Source data:
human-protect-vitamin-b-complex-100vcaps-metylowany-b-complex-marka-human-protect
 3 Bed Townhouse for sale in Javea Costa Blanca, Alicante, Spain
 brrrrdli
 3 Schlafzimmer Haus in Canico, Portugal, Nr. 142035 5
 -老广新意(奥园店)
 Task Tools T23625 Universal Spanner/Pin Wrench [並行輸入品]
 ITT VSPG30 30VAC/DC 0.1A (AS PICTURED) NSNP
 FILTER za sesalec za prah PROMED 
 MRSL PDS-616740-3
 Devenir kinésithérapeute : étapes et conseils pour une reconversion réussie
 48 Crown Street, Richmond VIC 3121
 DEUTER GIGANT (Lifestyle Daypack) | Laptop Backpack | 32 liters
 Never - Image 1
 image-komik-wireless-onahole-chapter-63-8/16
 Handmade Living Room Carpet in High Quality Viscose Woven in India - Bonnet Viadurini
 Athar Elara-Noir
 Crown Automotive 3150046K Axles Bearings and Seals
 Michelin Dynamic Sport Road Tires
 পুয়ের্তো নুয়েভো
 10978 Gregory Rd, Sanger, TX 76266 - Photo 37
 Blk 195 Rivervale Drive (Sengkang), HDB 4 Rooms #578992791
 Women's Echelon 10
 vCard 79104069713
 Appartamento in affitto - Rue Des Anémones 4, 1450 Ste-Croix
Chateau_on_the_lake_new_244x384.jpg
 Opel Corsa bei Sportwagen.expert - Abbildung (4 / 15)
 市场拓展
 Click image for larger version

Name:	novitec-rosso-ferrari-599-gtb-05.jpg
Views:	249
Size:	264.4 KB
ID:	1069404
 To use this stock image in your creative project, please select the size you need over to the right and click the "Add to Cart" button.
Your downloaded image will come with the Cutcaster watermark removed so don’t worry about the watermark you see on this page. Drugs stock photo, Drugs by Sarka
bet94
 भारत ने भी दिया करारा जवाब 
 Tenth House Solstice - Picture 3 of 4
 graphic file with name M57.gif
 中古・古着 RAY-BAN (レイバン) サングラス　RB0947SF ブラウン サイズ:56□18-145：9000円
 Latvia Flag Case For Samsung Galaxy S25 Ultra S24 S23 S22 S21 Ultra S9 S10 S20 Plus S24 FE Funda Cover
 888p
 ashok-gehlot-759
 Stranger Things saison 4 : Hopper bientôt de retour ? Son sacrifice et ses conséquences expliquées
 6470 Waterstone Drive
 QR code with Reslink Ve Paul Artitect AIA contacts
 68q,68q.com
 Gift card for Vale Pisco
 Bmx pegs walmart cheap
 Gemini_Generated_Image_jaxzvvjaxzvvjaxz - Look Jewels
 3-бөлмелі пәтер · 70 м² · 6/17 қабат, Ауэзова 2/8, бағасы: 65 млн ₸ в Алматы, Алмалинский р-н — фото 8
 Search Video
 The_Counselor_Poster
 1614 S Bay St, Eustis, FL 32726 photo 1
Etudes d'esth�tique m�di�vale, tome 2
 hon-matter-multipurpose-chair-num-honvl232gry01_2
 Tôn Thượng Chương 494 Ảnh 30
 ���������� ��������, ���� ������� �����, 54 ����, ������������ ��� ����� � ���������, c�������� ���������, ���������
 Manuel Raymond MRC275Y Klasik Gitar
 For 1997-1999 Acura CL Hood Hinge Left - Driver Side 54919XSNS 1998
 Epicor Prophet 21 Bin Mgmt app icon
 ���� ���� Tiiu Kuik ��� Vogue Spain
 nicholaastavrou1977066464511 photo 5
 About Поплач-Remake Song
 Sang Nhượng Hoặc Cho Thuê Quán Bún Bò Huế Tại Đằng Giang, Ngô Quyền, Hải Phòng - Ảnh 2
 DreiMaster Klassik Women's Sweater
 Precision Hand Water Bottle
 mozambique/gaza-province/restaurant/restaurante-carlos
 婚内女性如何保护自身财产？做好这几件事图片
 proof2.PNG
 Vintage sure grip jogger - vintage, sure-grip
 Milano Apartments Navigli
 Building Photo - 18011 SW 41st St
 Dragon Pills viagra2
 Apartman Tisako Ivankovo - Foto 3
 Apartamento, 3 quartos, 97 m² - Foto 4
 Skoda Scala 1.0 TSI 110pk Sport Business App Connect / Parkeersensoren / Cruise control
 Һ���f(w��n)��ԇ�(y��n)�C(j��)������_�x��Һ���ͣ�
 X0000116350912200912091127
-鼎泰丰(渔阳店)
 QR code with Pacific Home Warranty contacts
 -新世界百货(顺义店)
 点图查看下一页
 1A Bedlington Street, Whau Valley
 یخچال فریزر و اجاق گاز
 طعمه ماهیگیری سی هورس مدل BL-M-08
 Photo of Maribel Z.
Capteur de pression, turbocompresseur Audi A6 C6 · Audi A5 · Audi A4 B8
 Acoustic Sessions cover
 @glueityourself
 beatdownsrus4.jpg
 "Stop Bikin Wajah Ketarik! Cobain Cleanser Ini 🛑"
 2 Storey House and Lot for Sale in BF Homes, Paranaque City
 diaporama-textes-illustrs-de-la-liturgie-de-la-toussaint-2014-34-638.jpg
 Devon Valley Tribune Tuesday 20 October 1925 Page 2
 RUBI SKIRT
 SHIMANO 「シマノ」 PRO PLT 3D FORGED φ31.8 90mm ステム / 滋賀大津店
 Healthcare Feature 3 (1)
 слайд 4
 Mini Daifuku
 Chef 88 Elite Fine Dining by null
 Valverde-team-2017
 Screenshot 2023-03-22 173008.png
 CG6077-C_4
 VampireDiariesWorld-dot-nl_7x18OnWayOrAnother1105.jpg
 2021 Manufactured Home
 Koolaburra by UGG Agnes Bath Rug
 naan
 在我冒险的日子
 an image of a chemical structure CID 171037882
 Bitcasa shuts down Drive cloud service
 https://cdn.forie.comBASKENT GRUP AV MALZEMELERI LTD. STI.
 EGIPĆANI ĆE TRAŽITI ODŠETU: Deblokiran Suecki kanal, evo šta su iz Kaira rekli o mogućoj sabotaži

Activity: Of the lines above, extract only those from the line with "Epicor Prophet 21 Bin Mgmt app icon" to the line with "Precision Hand Water Bottle", both included, exactly as written.

Response to this task:
 Epicor Prophet 21 Bin Mgmt app icon
 ���� ���� Tiiu Kuik ��� Vogue Spain
 nicholaastavrou1977066464511 photo 5
 About Поплач-Remake Song
 Sang Nhượng Hoặc Cho Thuê Quán Bún Bò Huế Tại Đằng Giang, Ngô Quyền, Hải Phòng - Ảnh 2
 DreiMaster Klassik Women's Sweater
 Precision Hand Water Bottle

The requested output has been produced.